Set down each line from the line holding "Immunohistochemistry - PITPNM1" to the last line of the entries below, exactly, with both ends included and without pictures.

· · · · · · ·

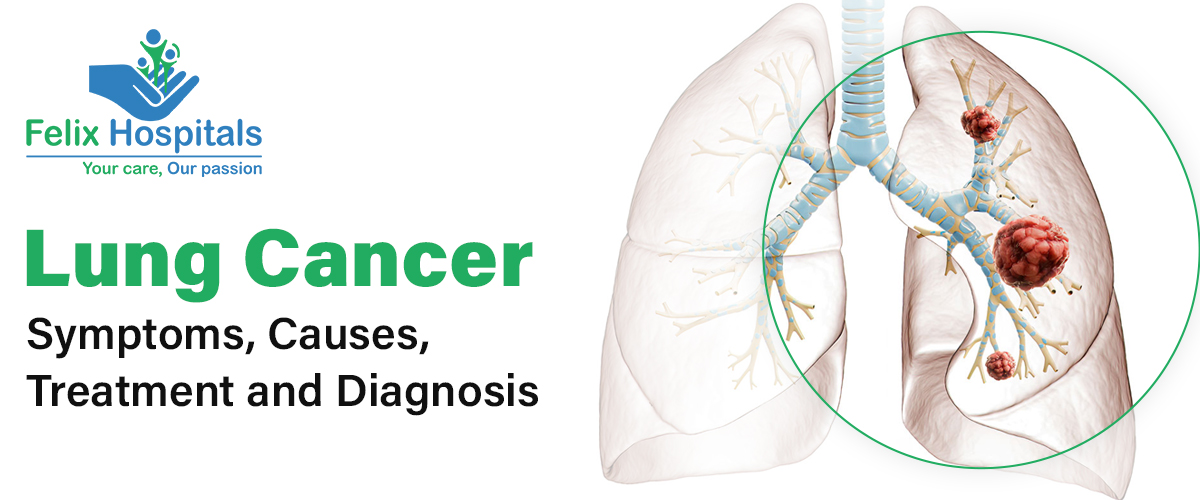 lung cancer symptoms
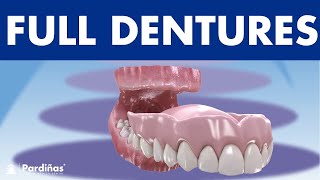 Removable FULL DENTURE  How to clean and care for complete dentures ©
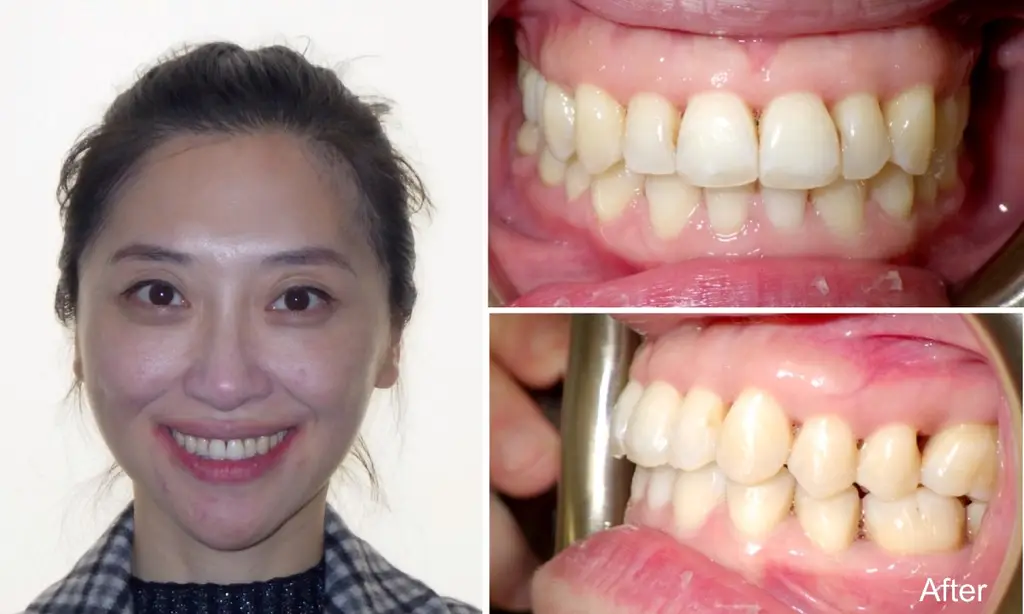 tingting  years old crossbite after invisalign treatment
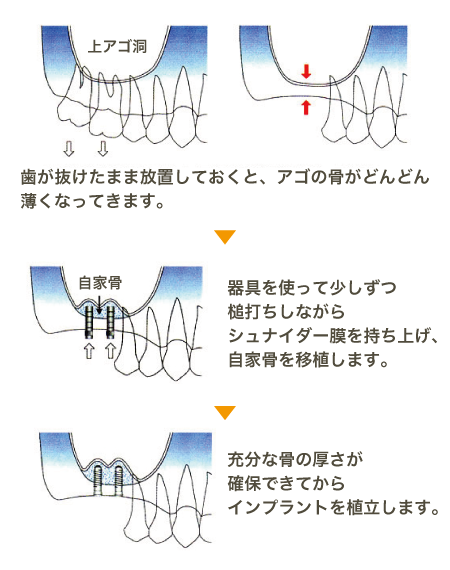 ソケットリフト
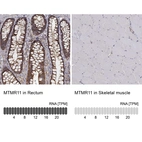 Anti-MTMR11 Antibody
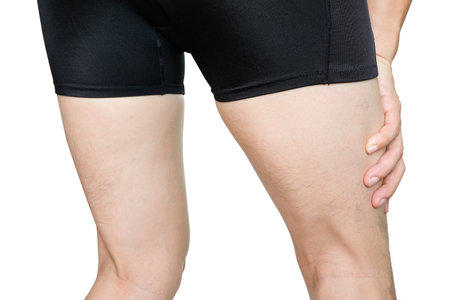 Leg muscle pain.young man  and grasped his muscles. With foot pain and stretching, fatigue muscles...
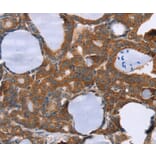 Immunohistochemistry - PITPNM1 Antibody from Signalway Antibody (36651) - Antibodies.com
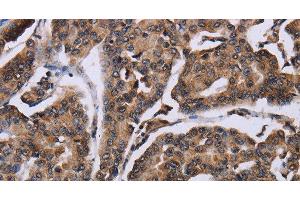 Immunohistochemistry of paraffin-embedded Human breast cancer using KIF1C Polyclonal Antibody at dilution of 1:60 (KIF1C antibody)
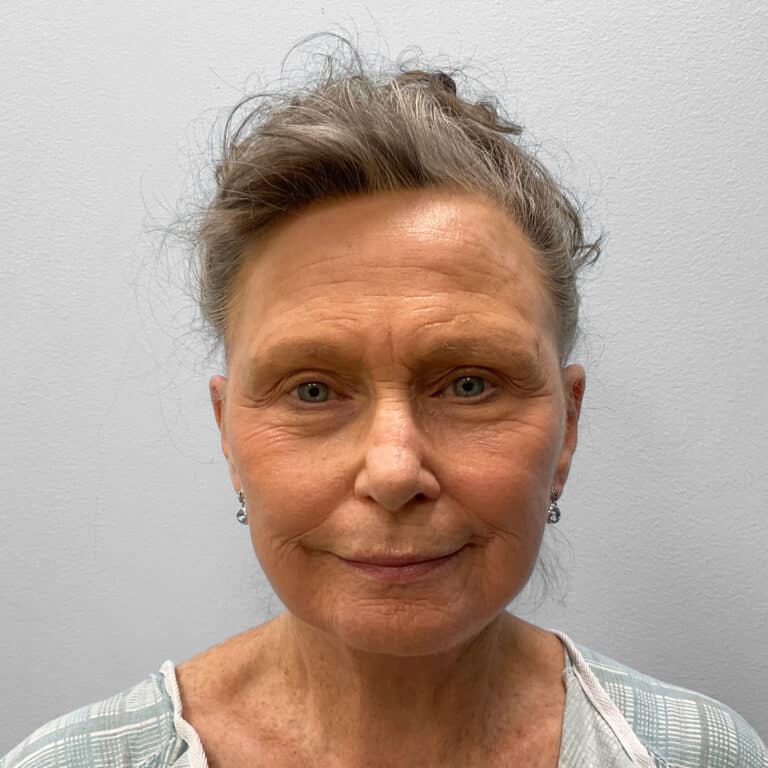After Image: Facelift – Dr. Tucker - front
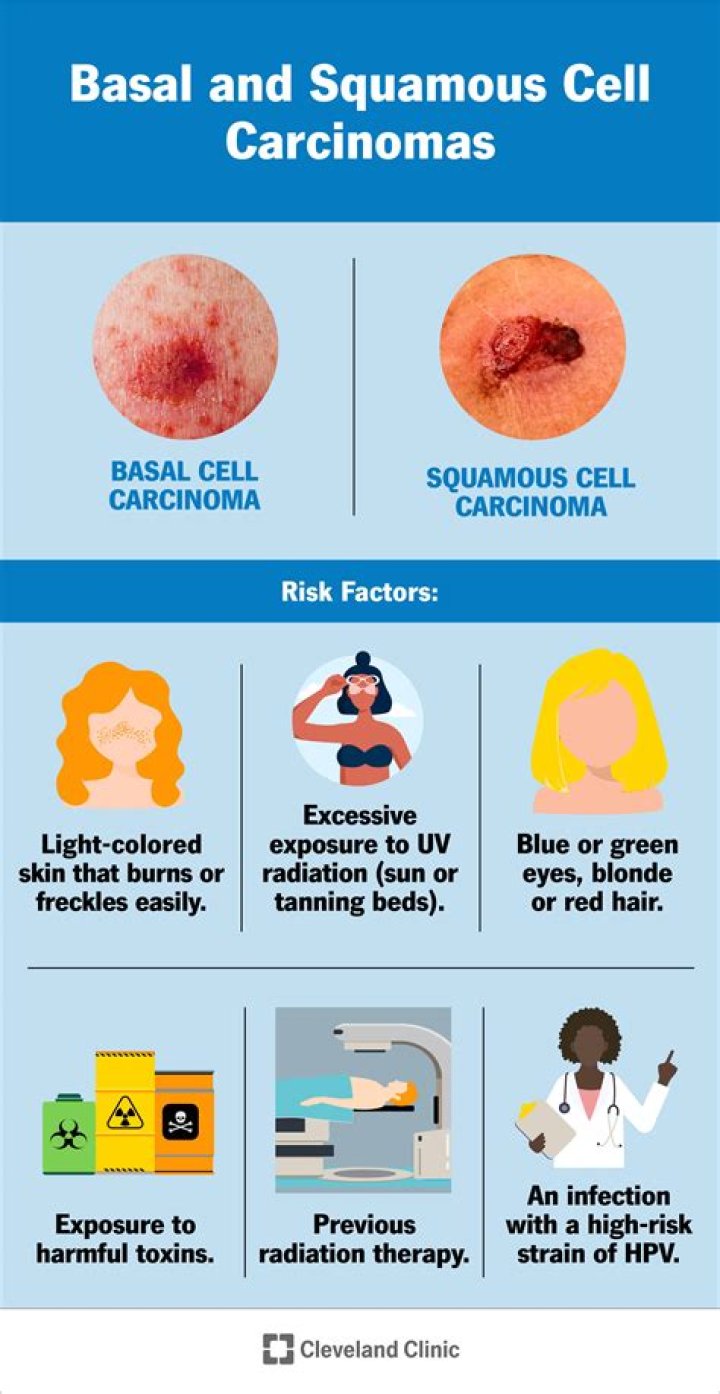 What kills basal cell carcinoma?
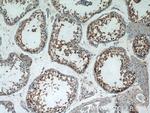 AGPAT1 Antibody in Immunohistochemistry (Paraffin) (IHC (P))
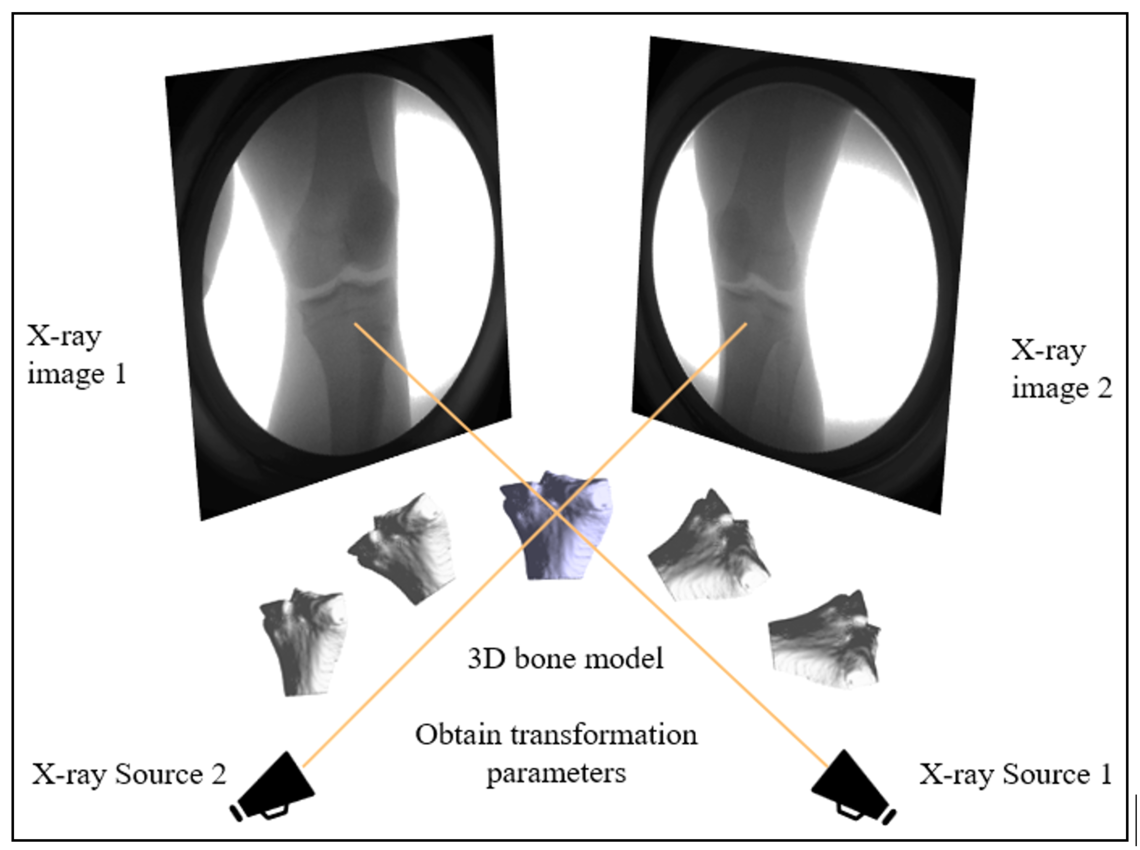 Figure 1. Illustration of the 2D-3D registration.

· · · · · · ·

Solution to this task:
 Immunohistochemistry - PITPNM1 Antibody from Signalway Antibody (36651) - Antibodies.com
 Immunohistochemistry of paraffin-embedded Human breast cancer using KIF1C Polyclonal Antibody at dilution of 1:60 (KIF1C antibody)
After Image: Facelift – Dr. Tucker - front
 What kills basal cell carcinoma?
 AGPAT1 Antibody in Immunohistochemistry (Paraffin) (IHC (P))
 Figure 1. Illustration of the 2D-3D registration.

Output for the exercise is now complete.